How to use Seaborn in Python

1 min

Why Seaborn?

Seaborn is a fantastic library to do some data visualization and it is built on top of the Matplotlib library.

Seaborn pushed the simplicity of data exploration and data analysis to the extreme.

How to import it

import numpy as np
import pandas as pd
import matplotlib.pyplot as plt
import seaborn as sns
How to import Seaborn and other useful libraries

Setting the theme

sns.set_theme(style="darkgrid")
How to change the theme in Seaborn

Loading a dataset

Seaborn is made for data science, so it comes with a lot of available example datasets. At the time of this writing, the library has around 19 different datasets that you can use to practice data exploration and data visualization.

Here we import the tips dataset. This dataset contains servers' tips on a given day, the sex, etc...
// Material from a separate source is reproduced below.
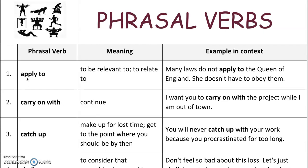The first one: 'apply to' means to be relevant to, to relate to. For example, many laws do not apply to the Queen of England — she doesn't have to obey them. So when something applies to you, that means that you have to do something about it; it's relevant to you.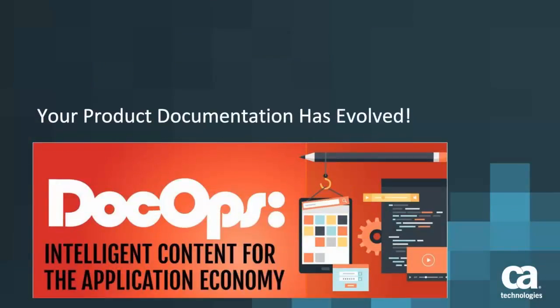Your documentation has evolved. In this video, you'll get a peek at CA Technology's cutting-edge content strategy, DocOps. You'll also have the chance to experience documentation in CA's new collaborative web browser platform delivery model.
One could try to predict the amount that people tip given those characteristics.

tips = sns.load_dataset("tips")

A basic plot

Let's do a basic plot that plots the total_bill and the tip that the customer left in order to see whether there is a linear relationship or not.

sns.relplot(x="total_bill", y="tip", data=tips)
Here is how to plot a scatter plot that shows the relation between two variables
Here is the result

Adding some colors

We could and it is always nice to add an extra variable as colors.

Here we have a categorical variable called smoker which tells us whether or not the customer was a smoker.

Here is the plot

sns.relplot(x="total_bill", y="tip", hue="smoker", data=tips)
Can we see an impact if the user smoke or not?